On Saturday, the country’s Defense Minister Florence Parly said that as far as the alliance was concerned, she believed “the time now has come to move from the brain death to the brainstorm.”

French President Emmanuel Macron caused a firestorm earlier this month when he said NATO was “experiencing brain death” in an interview.

French officials have been in damage control mode since, trying to reassure allies that France does not intend to abandon NATO while standing firm on the need for a strategic reassessment in light of what they say is an increasingly unreliable and disengaged administration in the United States, unilateral military action by Turkey in Syria and a need to change the alliance’s relationship with Russia.

Parly, speaking at the International Institute for Security Studies Manama Dialogue in Bahrain on Saturday, highlighted events in the Middle East as a way to drive home Macron’s point about American unreliability.

“We’ve seen a gradual U.S. disengagement,” Parly said, citing as examples the Obama administration’s failure to act after Syria used chemical weapons in 2013 and the Trump administration’s unwillingness to respond militarily against Iranian belligerence in the Gulf. “With the U.S. sometimes looking elsewhere, an entire grammar of deterrence needs to be reinvented.”

But 10 days ahead of the NATO leaders’ summit in London, the depth of disagreement and skepticism with the French view was on full display on Saturday, particularly among the U.S., U.K. and Turkey — France’s three most militarily powerful NATO allies.

“I think the brains of NATO are alive and well, but I think brainstorming is always a good idea,” U.K. Cabinet Secretary Mark Sedwill said when he took the stage after Parly at the IISS Manama Dialogue.

Turkish Deputy Foreign Minister Sedat Önal rebuked Parly’s accusation that Turkey had not taken into consideration its NATO allies’ national security concerns when it launched a unilateral incursion into northeastern Syria.

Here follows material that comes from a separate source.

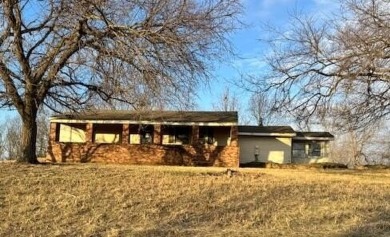 Lake Home For Sale in Greenfield, Missouri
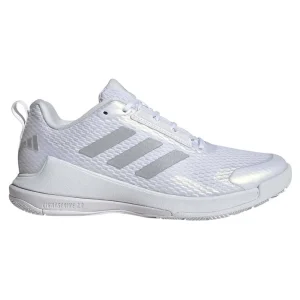 ADIDAS NOVAFLIGHT 2 W WHITE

The U.S., U.K. and France have been fighting ISIS in northern Syria in partnership with a Kurdish militia that Turkey considers to be a terrorist organisation.

On Wednesday, German Foreign Minister Heiko Maas made a proposal — with French support — to form an “expert group” to reflect on how to help NATO members clarify the objectives of their alliance and adapt them to current threats.

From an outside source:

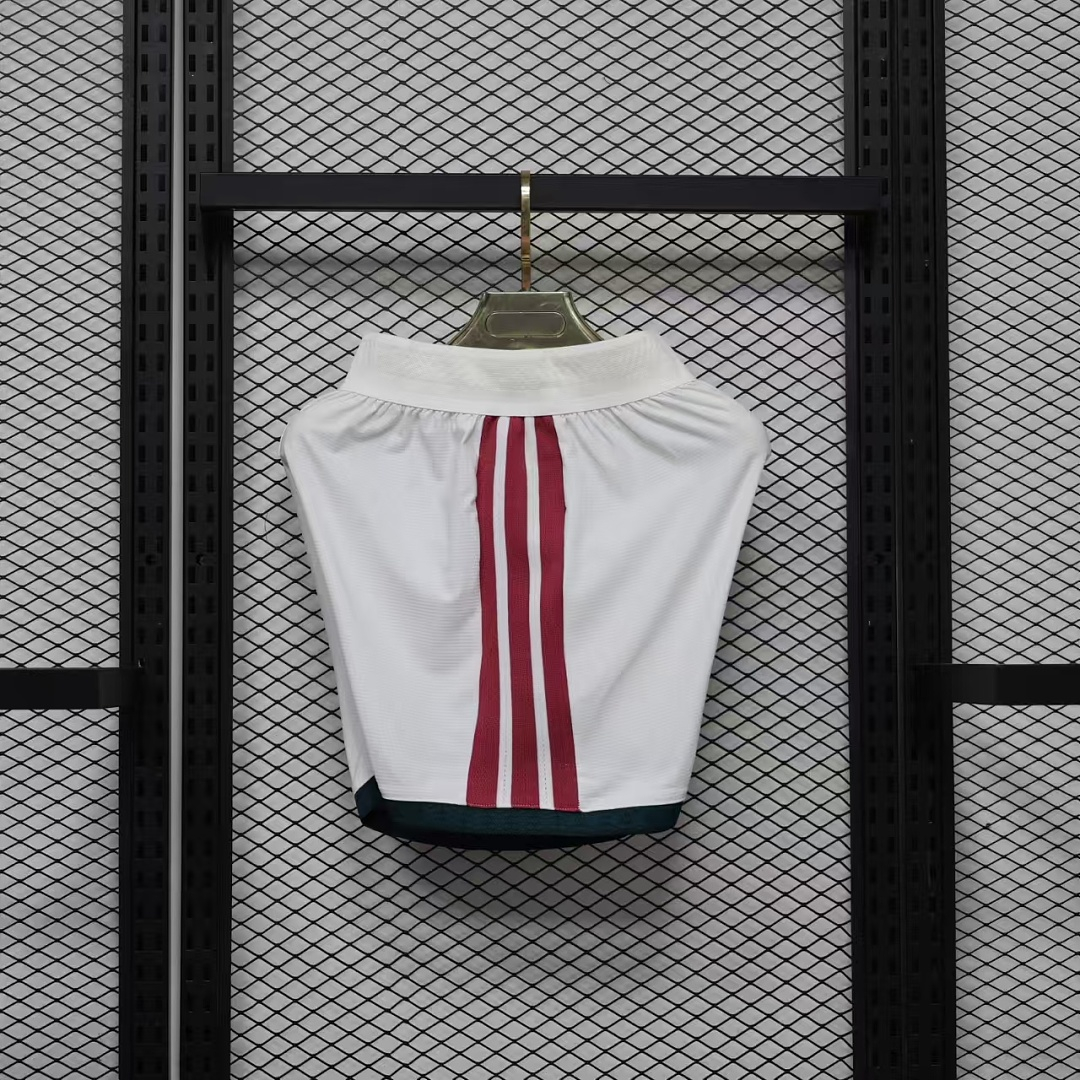 SHORTS PRIMERA EQUIPACIÓN REAL MADRID 2026/27 VERSIÓN JUGADOR - Imagen 4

Both Parly and Sedwill underlined the need for European NATO countries to meet the alliance’s target of spending at least 2 percent of their GDP on defense. France and the U.K. have more or less met that goal, but most other alliance members, notably Germany, are still far from it.

Parly also attempted to portray France as a steadier partner for Arab countries to rely on as the U.S. steps back from the region.

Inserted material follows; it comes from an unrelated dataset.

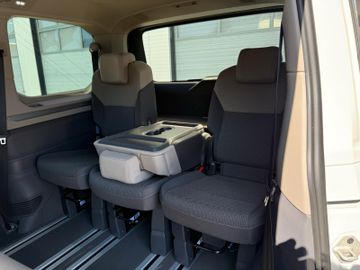 Volkswagen T7 Multivan 2.0 TDI Goal DSG Navi Kamera SHZ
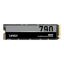 Lexar NM790 8TB PCIe Gen4 NVMe M.2 2280 Compatible with PS5 (LNM790X008T-RNNNU)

To that end, Paris is working on setting up a “European maritime surveillance mission” in the Gulf, which she took care to distinguish from the U.S.-led International Maritime Security Coalition (IMSC) that launched on November 7 with the participation of Albania, Australia, Bahrain, Saudi Arabia, the UAE and the U.K.

For Parly, the IMSC is too closely tied to the U.S. policy of maximum pressure against Iran, which France does not support.

“I believe Europe can play the moderating role,” Parly said. “In that spirit, France is currently working to put together a European maritime surveillance mission, distinct from the policy of maximum pressure, it will be separate from but coordinated with the US presence.”

The launch date of this European-led mission remains unclear. It could include around 10 European and non-European countries and is dubbed a “surveillance mission” — as opposed to a security mission — in order to clarify its rules of engagement, which won’t include fully protecting every ship that goes through the Gulf but rather a deterrence presence.

American and British officials, meanwhile, refuted Parly’s association of the IMSC with the maximum pressure campaign.

“The IMSC is not related to the maximum pressure campaign,” General Kenneth F. McKenzie Jr., commander of the U.S. Central Command, told the conference. “We’re helping maintain freedom of navigation in and around the Strait of Hormuz.”